**PROBLEM STATEMENT**
With the pictures left out, restate exactly the part below that opens with the line containing "American Greetings Minnie" and closes with the line containing "Zuni MIKE SIMPLICIO".

**ENTRIES SHOWN**
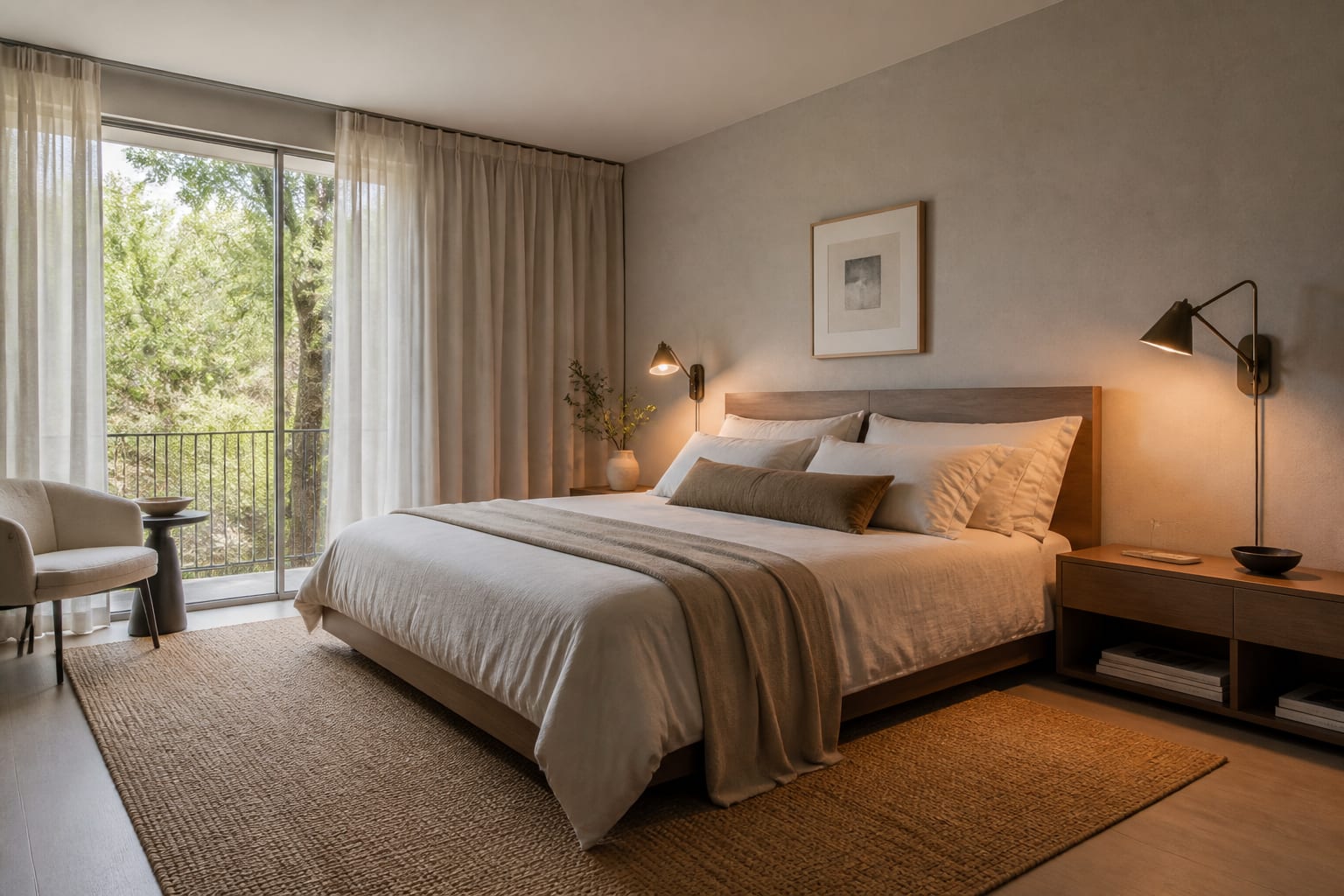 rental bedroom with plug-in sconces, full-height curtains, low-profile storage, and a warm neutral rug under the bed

* * *

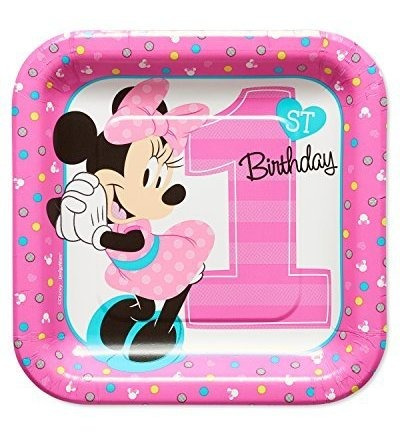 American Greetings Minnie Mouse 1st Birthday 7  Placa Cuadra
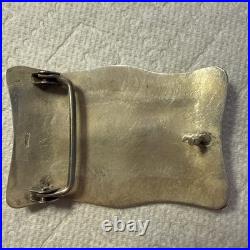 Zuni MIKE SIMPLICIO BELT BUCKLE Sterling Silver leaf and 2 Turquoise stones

**EXERCISE RESULT**
 American Greetings Minnie Mouse 1st Birthday 7  Placa Cuadra
 Zuni MIKE SIMPLICIO BELT BUCKLE Sterling Silver leaf and 2 Turquoise stones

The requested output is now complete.